### Work request
Output nothing but the lines from the one holding "A-Z Черная Буква" to the end of the listing. Reproduce them exactly, without the pictures.

### Entries supplied

========

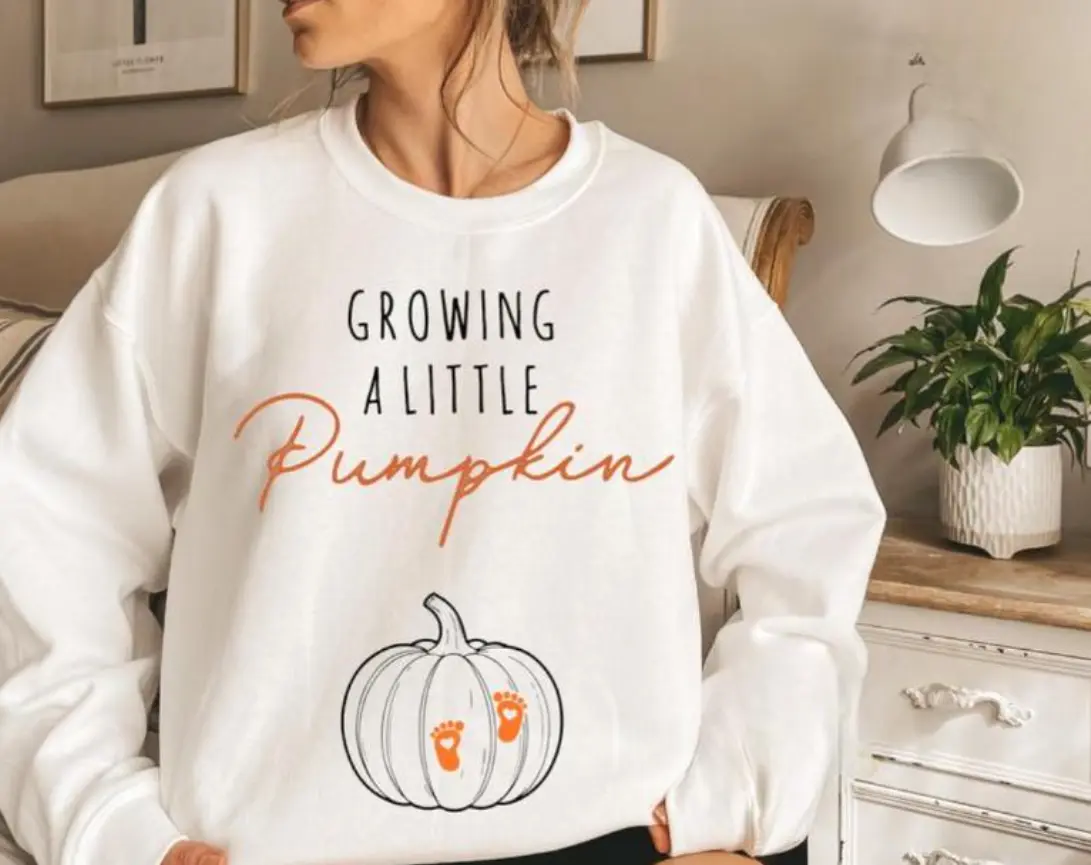 Growing A Little Pumpkin T-Shirt, Sweatshirt, Hoodie – Cute Fall Pregnancy Announcement Sweater With Baby Footprints & Pumpkin Graphic, Cozy Maternity Outfit For Expecting Moms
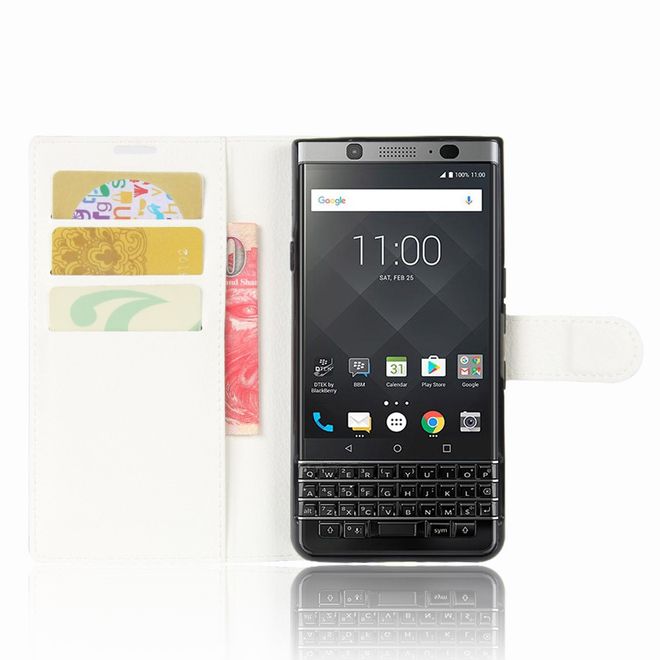 Handyhülle für Blackberry Keyone - Case aus Leder - mit Litchitextur und Standfunktion - weiss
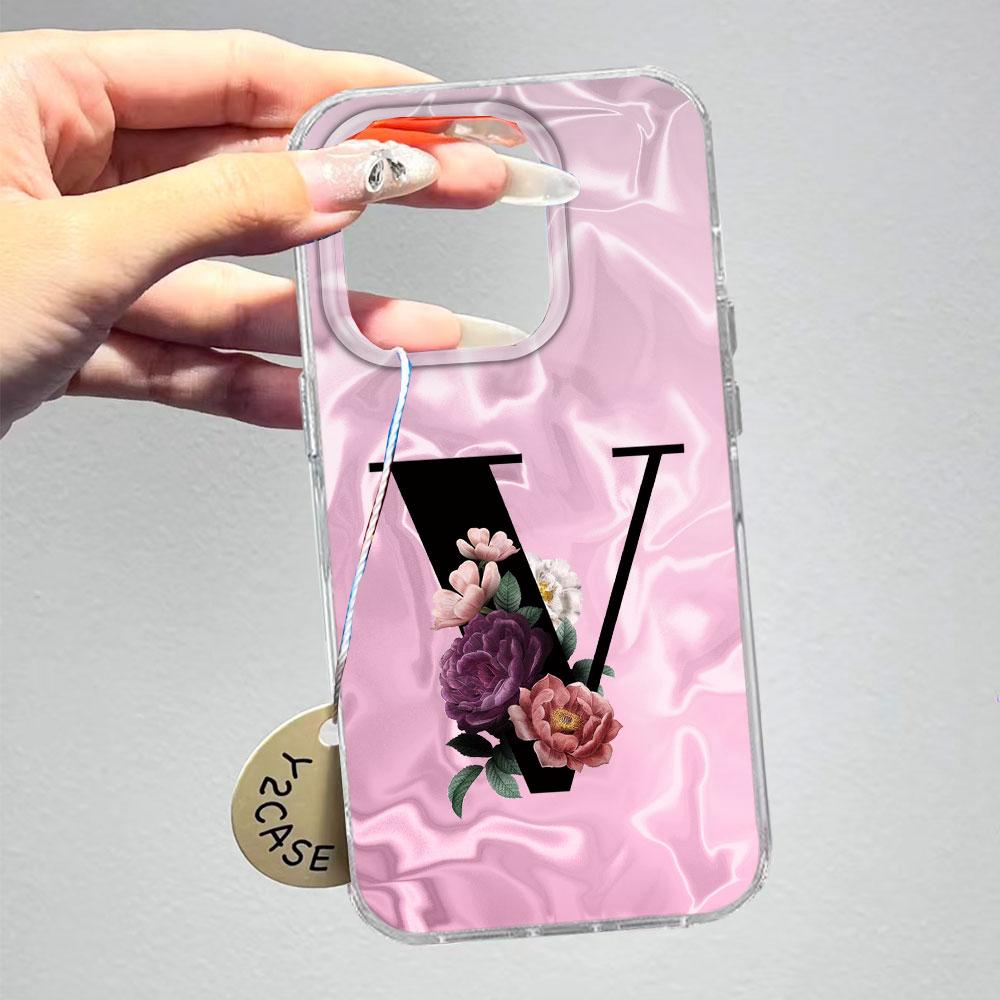 A-Z Черная Буква Пион Цветок Противоударный Чехол для Телефона Для Xiaomi Redmi A5 A3 A4 A1 A2 9A 9C 9 10 Силиконовый Парный Чехол Задняя Крышка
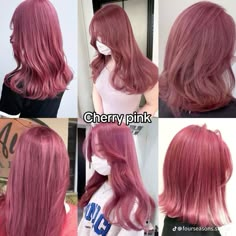 Hair Colour Pink, Cherry Pink Hair, Hairstyles And Colors, Dark Pink Hair, Pink Hair Color, Pink Hair Dye, Korean Hair Color, Cute Hair Colors, Hair Tint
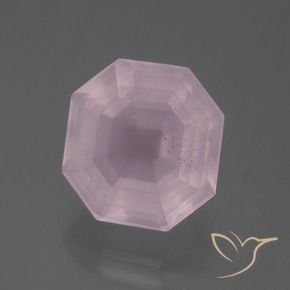 Quartz rose Rose bubblegum naturelle Octogone / coupe Émeraude, 6.34 ct, Transparent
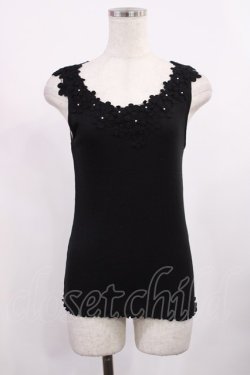 画像1: axes femme / お花モチーフリブタンク M ブラック H-25-09-08-1020-AX-TO-NS-ZH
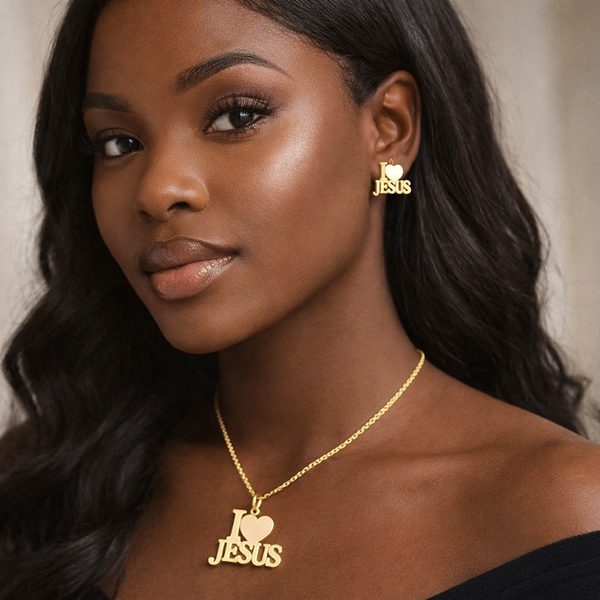 Parure 'I love Jesus' en or/argent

========

### Answer box
 A-Z Черная Буква Пион Цветок Противоударный Чехол для Телефона Для Xiaomi Redmi A5 A3 A4 A1 A2 9A 9C 9 10 Силиконовый Парный Чехол Задняя Крышка
 Hair Colour Pink, Cherry Pink Hair, Hairstyles And Colors, Dark Pink Hair, Pink Hair Color, Pink Hair Dye, Korean Hair Color, Cute Hair Colors, Hair Tint
 Quartz rose Rose bubblegum naturelle Octogone / coupe Émeraude, 6.34 ct, Transparent
 画像1: axes femme / お花モチーフリブタンク M ブラック H-25-09-08-1020-AX-TO-NS-ZH
 Parure 'I love Jesus' en or/argent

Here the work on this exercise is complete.